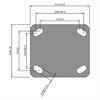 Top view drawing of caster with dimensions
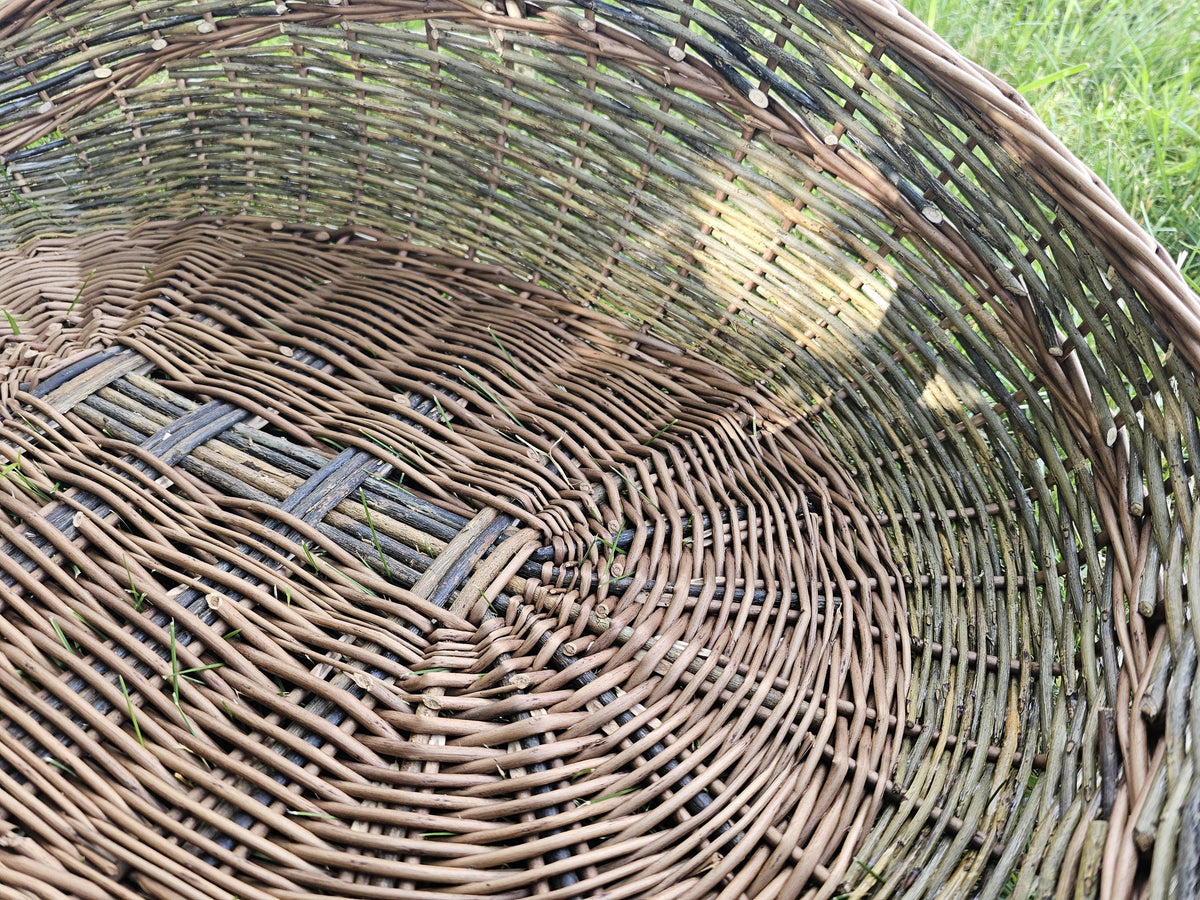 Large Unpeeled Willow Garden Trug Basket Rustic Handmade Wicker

* * *

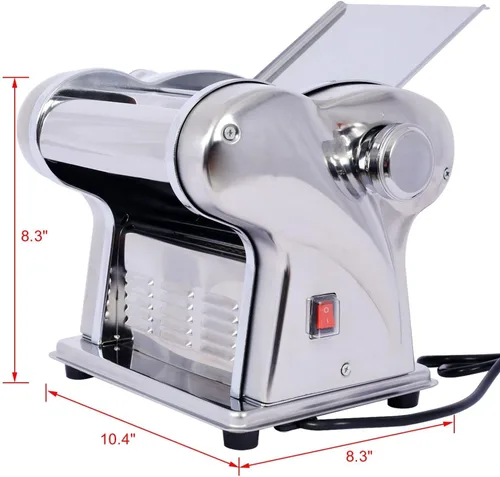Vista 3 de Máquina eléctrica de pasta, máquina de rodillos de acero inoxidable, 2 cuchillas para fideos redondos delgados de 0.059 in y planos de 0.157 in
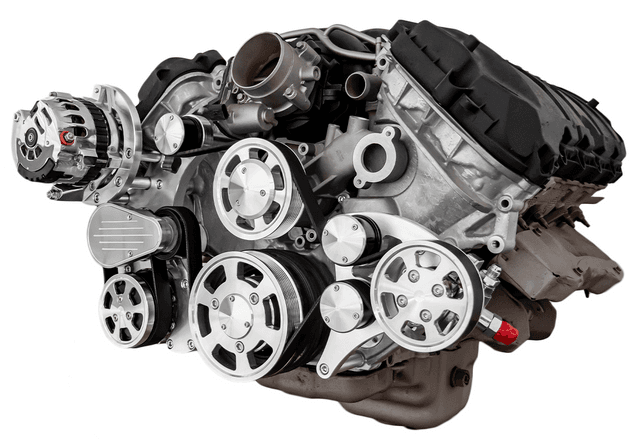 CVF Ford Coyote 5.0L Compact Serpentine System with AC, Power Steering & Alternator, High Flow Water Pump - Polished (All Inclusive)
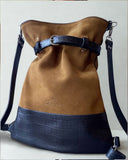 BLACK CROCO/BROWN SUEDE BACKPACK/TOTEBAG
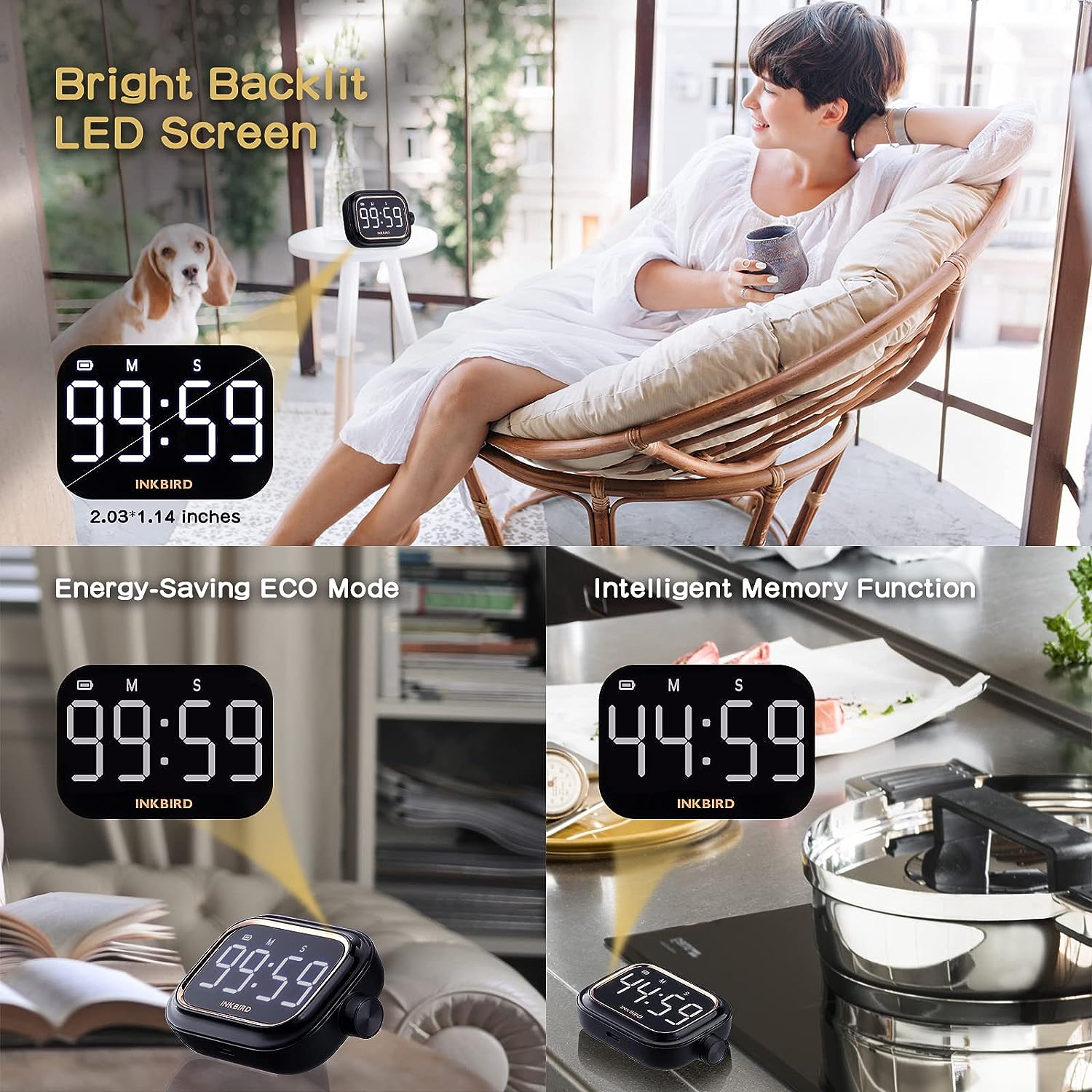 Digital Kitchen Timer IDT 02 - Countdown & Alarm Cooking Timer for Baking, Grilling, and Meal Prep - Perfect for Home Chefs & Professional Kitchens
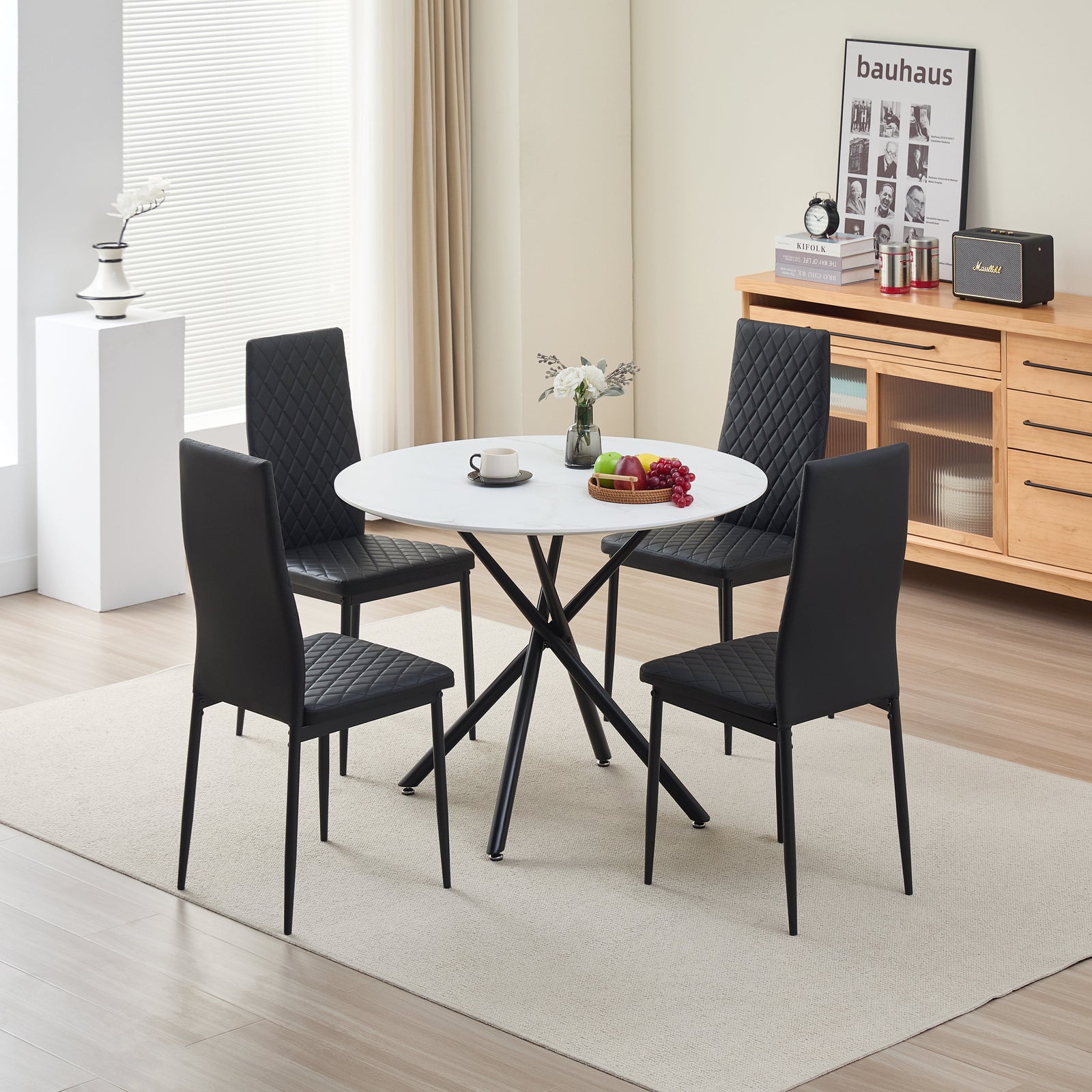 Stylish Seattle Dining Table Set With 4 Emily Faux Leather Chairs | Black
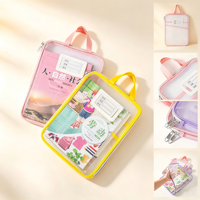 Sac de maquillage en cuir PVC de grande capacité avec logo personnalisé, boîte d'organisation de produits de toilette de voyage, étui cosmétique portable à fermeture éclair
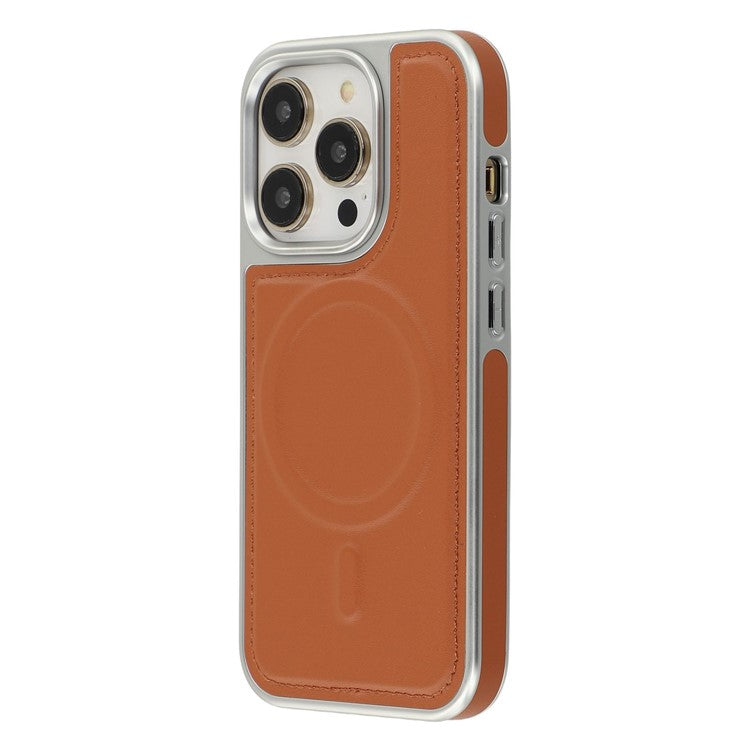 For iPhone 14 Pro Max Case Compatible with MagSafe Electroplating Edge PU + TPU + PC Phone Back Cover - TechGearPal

--

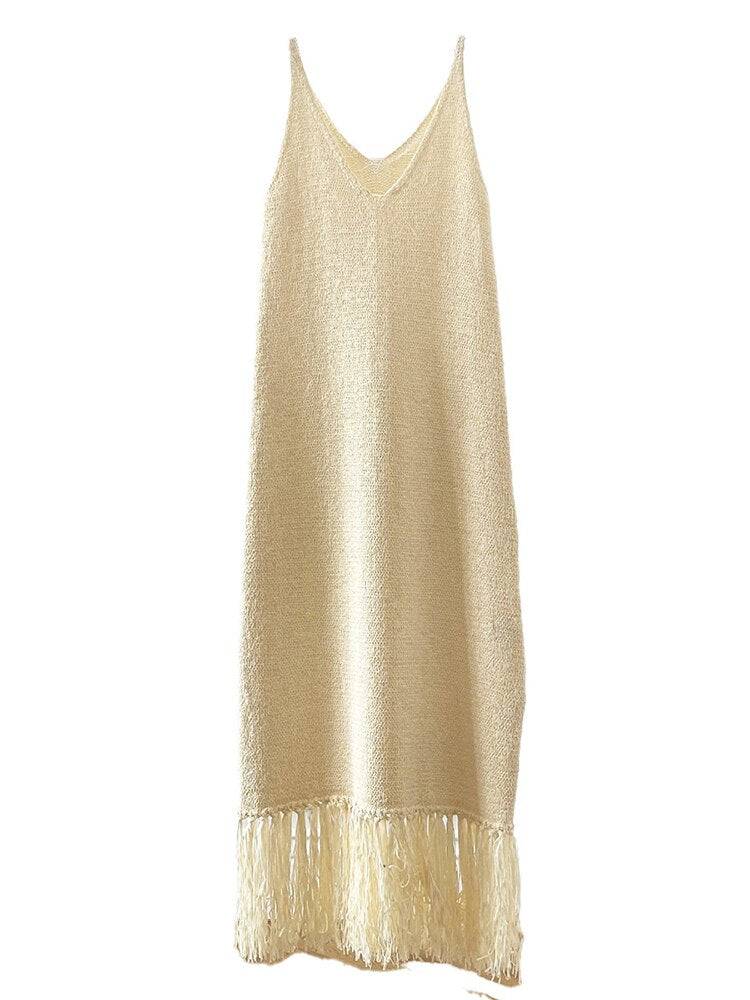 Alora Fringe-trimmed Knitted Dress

WHAT IS NEEDED =
Go back to the listing above and write out the lines starting at the one with "BLACK CROCO/BROWN SUEDE BACKPACK/TOTEBAG" and ending at the one with "For iPhone 14", inclusive, exactly and without pictures.

WRITTEN RESPONSE =
 BLACK CROCO/BROWN SUEDE BACKPACK/TOTEBAG
 Digital Kitchen Timer IDT 02 - Countdown & Alarm Cooking Timer for Baking, Grilling, and Meal Prep - Perfect for Home Chefs & Professional Kitchens
 Stylish Seattle Dining Table Set With 4 Emily Faux Leather Chairs | Black
 Sac de maquillage en cuir PVC de grande capacité avec logo personnalisé, boîte d'organisation de produits de toilette de voyage, étui cosmétique portable à fermeture éclair
 For iPhone 14 Pro Max Case Compatible with MagSafe Electroplating Edge PU + TPU + PC Phone Back Cover - TechGearPal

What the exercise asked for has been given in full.